Four years ago, when endorsing Barack Obama, we expressed some trepidation over his tendency to steer a course down the middle of the road.
Despite relentless claims from the lunatic right that the president is some sort of "socialist," the real concern from progressives is Obama's willingness to compromise principles that we hold dear.
Take the little-debated issue of unmanned aerial drones, which have been used by the Obama administration to conduct assassinations of suspected terrorists and militants in at least five different countries.
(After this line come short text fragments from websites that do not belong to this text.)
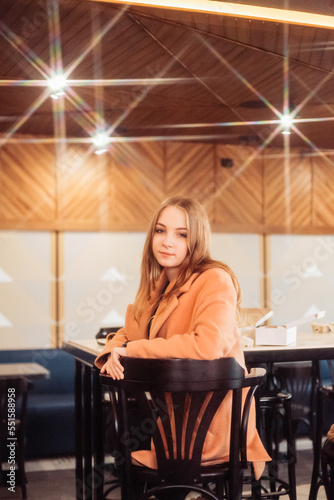 beautiful young woman sitting in a cafe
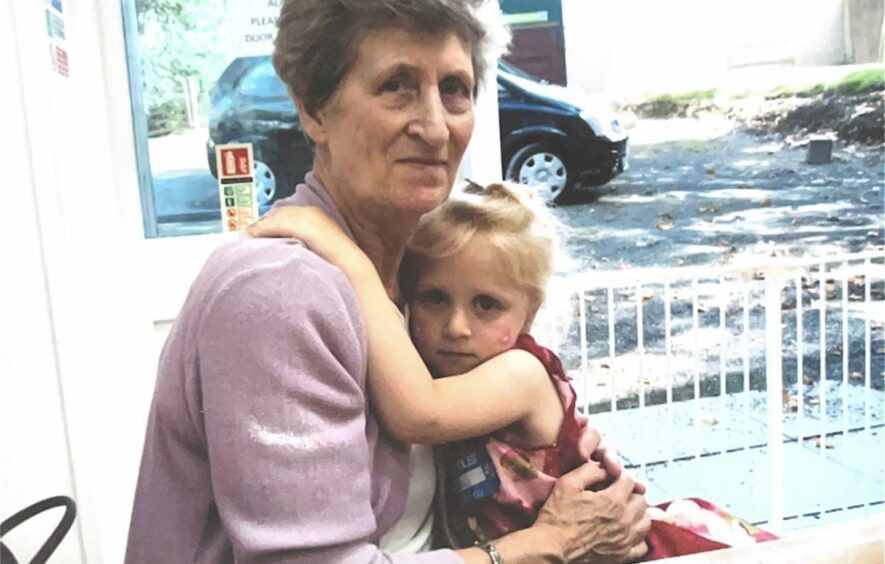 Grandmother Doris MacKenzie is wearing a lilac cardigan and cream blouse. Her hair is short and grey. On her lap, with arms around Doris' neck, is granddaughter Maia. She has a fair complexion, blonde hair and is wearing a pink and red sleeveless dress. 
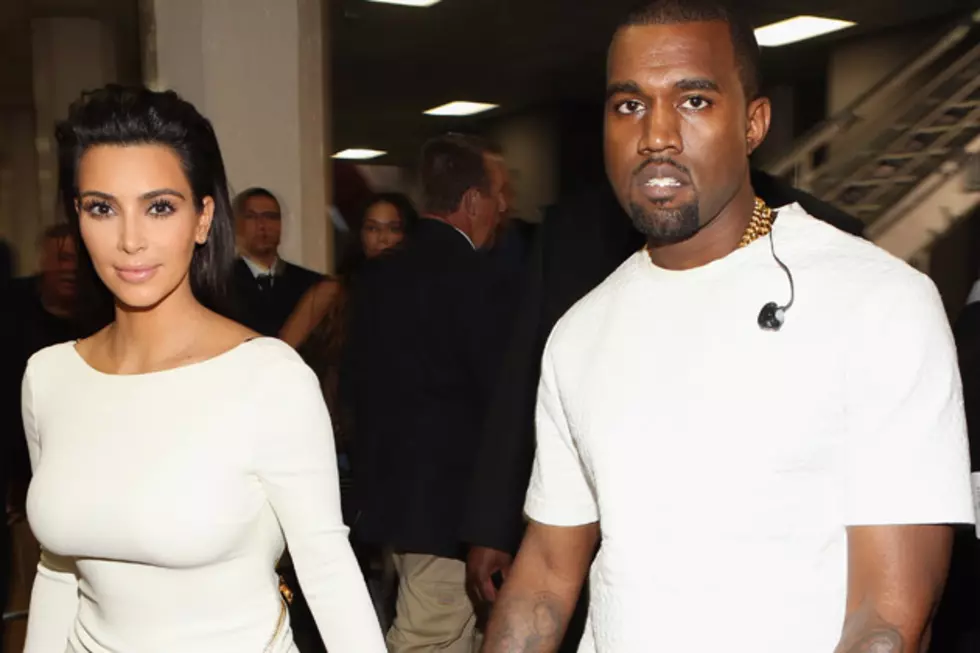 Kim Kardashian Pregnant, Kanye West Announces News of His First Child Onstage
After researchers at New York University School of Law and Stanford University Law School released a report titled "Living Under Drones: Death, Injury and Trauma to Civilians From US Drone Practices in Pakistan," journalist Glenn Greenwald — a former constitutional law litigator — wrote:
"Democrats spent several days at their convention two weeks ago wildly cheering and chanting whenever President Obama's use of violence and force was heralded. They're celebrating a leader who is terrorizing several parts of the Muslim world, repeatedly killing children, targeting rescuers and mourners, and entrenching the authority to exert the most extreme powers in full secrecy and without any accountability — all while he increases, not decreases, the likelihood of future attacks. This new Stanford/NYU report is but the latest in a long line of evidence proving all of that."
There's a line that bears repeating: "all while he increases, not decreases, the likelihood of future attacks."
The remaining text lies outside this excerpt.